How to describe clothing in a story: Creating characters

The clothes a person wears tells us many things: their status in life, for example, or their cultural affiliation or identity. They can tell us what era they live in, and even a person's current state of mind or intent. Understanding how to describe clothing in a story well will help you create fuller, richer character portraits.

Read these tips on how (and why) to describe clothes with examples from well-known novels:

1: USE CLOTHING TO SHOW STATUS AND POSITION

2: BUILD (OR THWART) CHARACTER EXPECTATIONS WITH CLOTHING DESCRIPTIONS

3: DESCRIBE CLOTHING TO CONTRAST CHARACTERS' PERSONALITIES

4: SHOW CLOTHING TO AVOID OVER-RELYING ON TELLING

5: CHANGE CHARACTERS' CLOTHING TO HIGHLIGHT CHARACTER DEVELOPMENT

6: USE CLOTHING DETAILS TO RECREATE AUTHENTIC SETTING

Let's explore each suggestion for using clothing descriptions creatively:

1: Use clothing to show status and position
Think of your characters' clothing like an actor's costume in a play. The costume is a large part of the character. As soon as the actor enters stage right or left, we have an inkling of whether they're a wealthy landowner or peasant, an elegant heiress or down-to-earth flower-seller.

In Gabriel Garcia Marquez's Love in the Time of Cholera (1985), a character's widespread respect is shown, curiously, by the fact that he is one of the only attendees at an event who is not smartly dressed:

'Although it was not customary for invitations to request special attire, least of all for a luncheon in the country, the women wore evening gowns and precious jewels and most of the men were dressed in dinner jackets with black ties, and some even wore frock coats. Only the most sophisticated, Dr. Urbino among them, wore their ordinary clothes.' (p. 35)

What the description shows is that many of the invitees play at status and refinement through fancy dress. Yet Dr. Urbino's status as a respected doctor is earned - he has nothing to prove by dressing smarter. Thus his plain dress is, ironically, a sign of his greater status.

Like Marquez, you can compare and contrast character's clothes to reveal important details about their social status or position.

2: Build (or thwart) character expectations with clothing description
You can quickly convey a number of things about your characters based on the clothing they wear. You can also confound or prove untrue impressions your characters (or readers) form based on appearances.

For example, think about a wealthy person and how that person might dress. You may have imagined a man in an expensive suit or a woman in designer clothes. You can immediately show a character is wealthy with descriptions of fine clothing. However, you can tell your reader interesting things through a mismatch:

A wealthy character might dress ostentatiously in expensive clothing. But they could also dress in modest, inexpensive-looking clothes.
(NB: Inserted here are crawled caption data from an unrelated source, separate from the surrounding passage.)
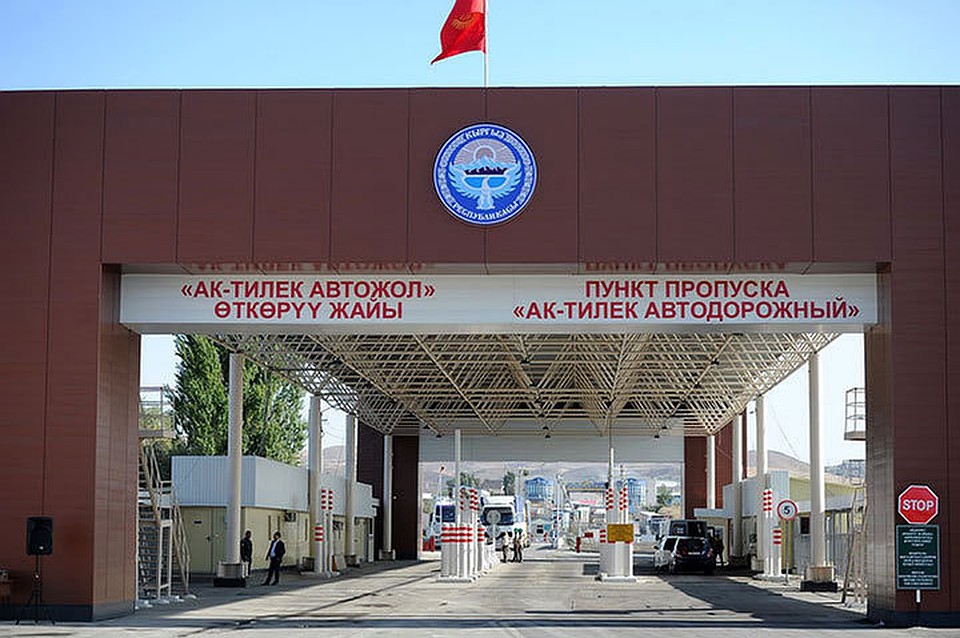 Пункты пропуска на границе заработали в штатном режиме.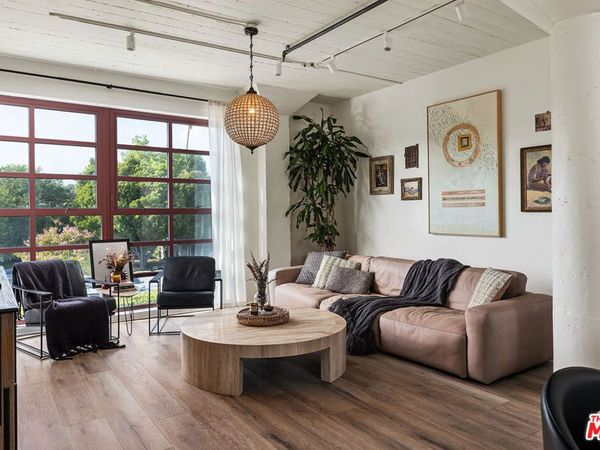 812 Fremont Avenue, Unit 302, South Pasadena, CA 91030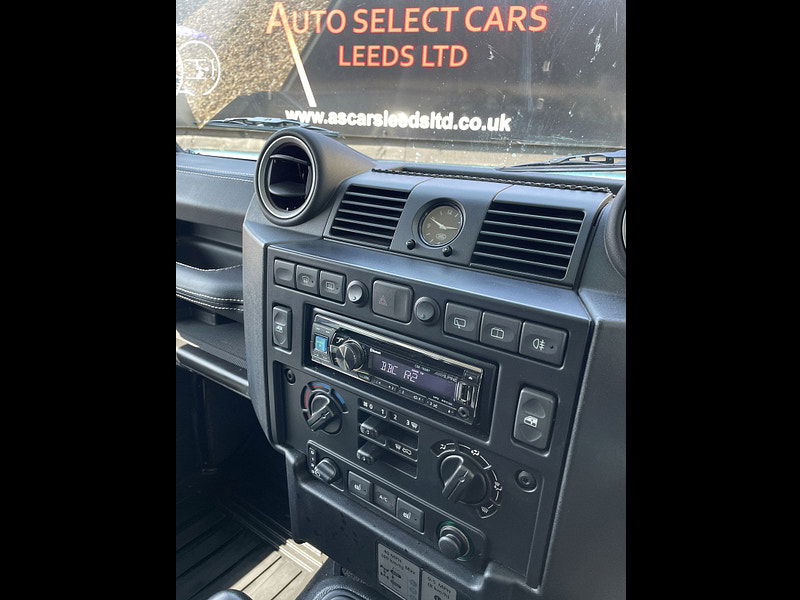 Land Rover DEFENDER 110 2.2 TDCi XS SUV Double Cab 5dr Diesel Manual 4WD MWB Euro 5 (122 ps) 5dr Manual 2025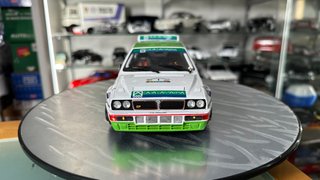 Lancia delta caja cantabria chus puras escala 1:18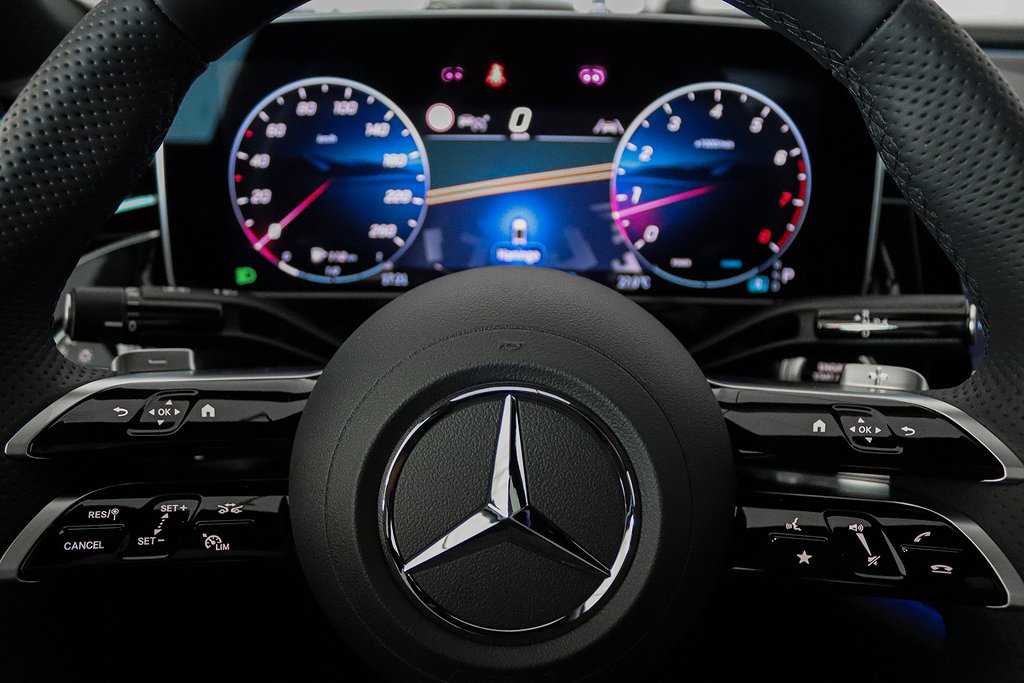 Mercedes-Benz E 200 AMG Burmester4D Pano Superscreen MOMS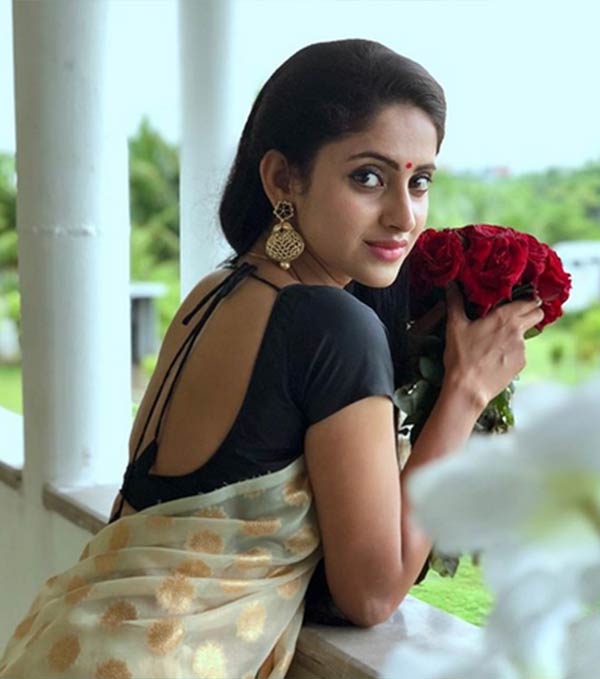 நடிகை சரண்யா மோகன்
What would you think about a wealthy character who looked as though he shopped at thrift stores? Or one who was forever wearing poorly-fitted clothing that appeared to be handed down from friends? These detail could suggest that your character is miserly or down-to-earth despite their wealth. Dr. Urbino in Marquez's example above fits the latter category.
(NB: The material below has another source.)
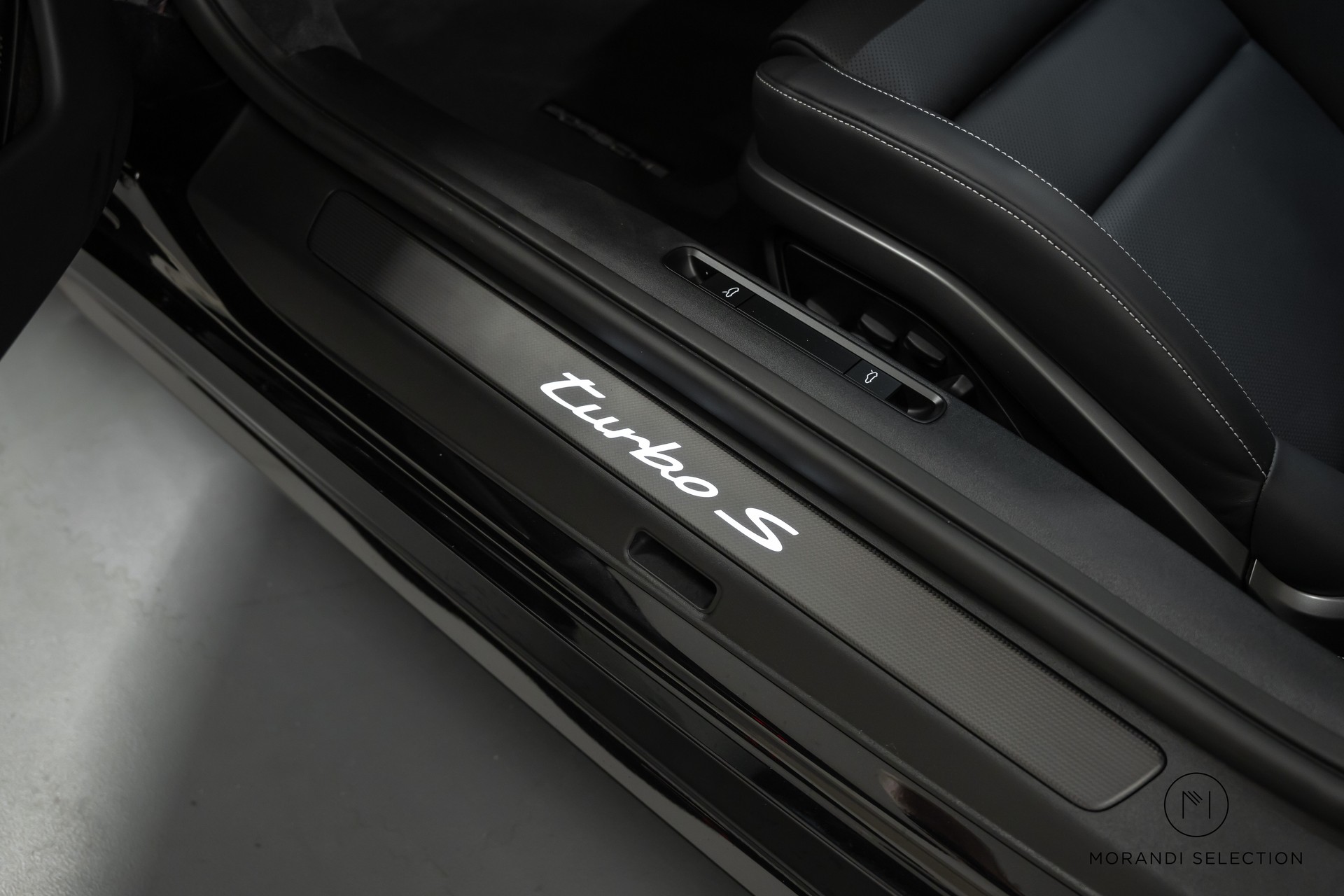 PORSCHE 911 Coupé 3.6 Turbo S PDK-image-14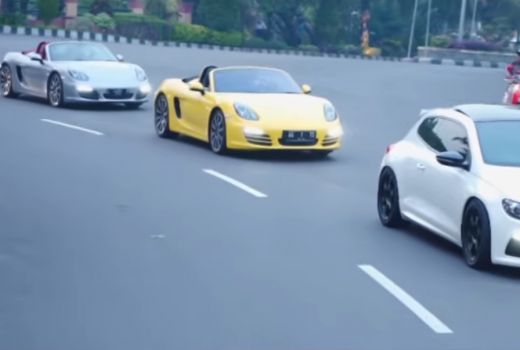 Bikin Kaget, Crazy Rich Tulungagung Keluar Kandang Penuhi Jalanan - GenPI.co JATIM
Think of other interesting combinations: A teacher who dresses provocatively; a beggar with an incredible, fashionable style of dress: What backstory or character motivations could these combinations of position and appearance suggest?

Download a practical guide to characterization

3: Describe clothing to contrast characters' personalities
A few small details of clothing can radically separate your characters, highlighting aspects of their personalities.

The Victorian author Charles Dickens is widely regarded as a master of characterization, for good reason. His clothing descriptions are always precise, often comical.

Consider this example from Hard Times (1853). See how Dickens contrasts fact-obsessed, overbearing teacher Thomas Gradgrind and his wife's personalities through (among other details) their clothing description. Towards the end of the third chapter, Gradgrind is described returning home to find his children playing outside:

'A space of stunted grass and dry rubbish being between him and the young rabble, he took his eyeglass out of his waistcoat to look for any child he knew by name, and might order off.' (p. 15)

The pompous and bullying Gradgrind is (as Dickens' descriptions elsewhere show) the type who'd wear a waistcoat concealing an eyeglass for catching people out.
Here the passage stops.